La Fisac, figlia prediletta di Rocca Salimbeni, per l’occasione pensò bene di lasciare ai posteri un proclama di vittoria tutto suo:
“Una crescita di grande valore: è la migliore risposta alle tante maliziose accuse del passato, si può crescere mantenendo forte il valore dell’autonomia e del radicamento territoriale”. Così Giuseppe Minigrilli e Antonio Damiani, rispettivamente segretario generale della Fisac/Cgil Toscana e segretario generale Fisac Gruppo Monte dei Paschi, a 24 ore dall’annuncio dell’acquisizione di Banca Antonveneta da parte di Mps, tornano a valutare positivamente la scelta che, “con coraggio” anche i sindacati hanno “condiviso”. Attraverso tale operazione, ricorda la Fisac in una nota, il Gruppo Mps rafforza ulteriormente il ruolo di terzo polo creditizio nazionale (35.000 dipendenti, 3.200 sportelli, 6.000.000 di clienti, 10% di quota mercato), con “coerenza” rispetto al piano industriale 2006-2009, mantenendo l’indipendenza “strategica” e riqualificando “quali-quantitativamente” la rete filiali. Damiani e Minigrilli, infine, concludono sottolineando “l’assoluta positività di un metodo di relazioni sindacali basato sul confronto e che ha permesso al Gruppo Mps di assumere una posizione di assoluto rilievo all’interno del settore creditizio e contemporaneamente di garantire integralmente i diritti dei lavoratori“.
Non c’è niente da fare: l’anima aziendalista del sindacato di sinistra non riesce proprio a trattenersi e prorompe fragorosamente. Uno dei due firmatari era Antonio Damiani, ancora oggi a capo della Fisac. Ebbe l’ardire di condividere la sòla Antonveneta, ma non ha ancora mostrato la dignità di vergognarsi e di dimettersi per il flagrante conflitto di interessi.

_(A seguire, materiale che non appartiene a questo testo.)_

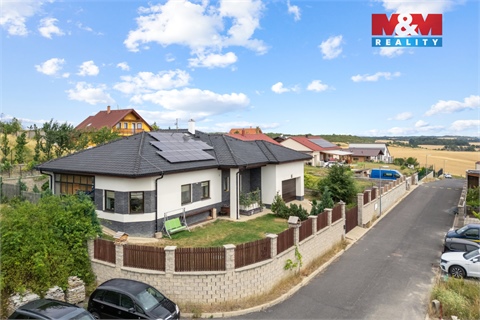 Prodej rodinného domu, 166 m² 2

Quella sigla è stata un perno fondamentale nel sistema di comando di Siena e, in intima unione con il partito principe, ha determinato la politica del Monte.
Da quell’organismo sindacale sono passati tutti i sindaci di Siena dagli anni novanta in poi ad eccezione di Ceccuzzi, il quale in un’intervista clamorosa di qualche anno fa tirò in ballo proprio quel sindacato, che avrebbe esercitato “ingerenze nel Monte”, quel “sindacato bancario Fisac Cgil…(che) ha espresso ben tre sindaci e ha avuto sempre un peso fortissimo all’interno di Mps“. Detto da un sodale di partito come Ceccuzzi, è vangelo.
Testimonia la veridicità di un tale assunto la sfolgorante carriera manageriale di Fabio Borghi, diessino ed ex segretario provinciale Cgil, classico esempio di come funzionavano le nomine nel mondo Monte Paschi. Forte della sua esperienza come Segretario Generale della Camera del Lavoro di Siena, al marzo del 2009 aveva già rivestito importanti cariche apicali in 23 società e organismi vari, tra cui quella di amministratore del Monte, che avrebbe mantenuto fino al 2012, quando le sue mirabolanti capacità direttive furono messe al servizio di Mps Leasing.
Quali interessi avrà tutelato quel sindacalista? La risposta la offrono le quattro delibere della Consob che hanno sanzionato Borghi per un totale di 260 mila euro per violazioni varie inerenti l’acquisizione Antonveneta.
La Banca, che per prima ha pagato come debitore in solido, avrà provveduto ad esercitare il diritto di regresso nei confronti del Borghi, come da “obbligo” previsto nelle suddette delibere?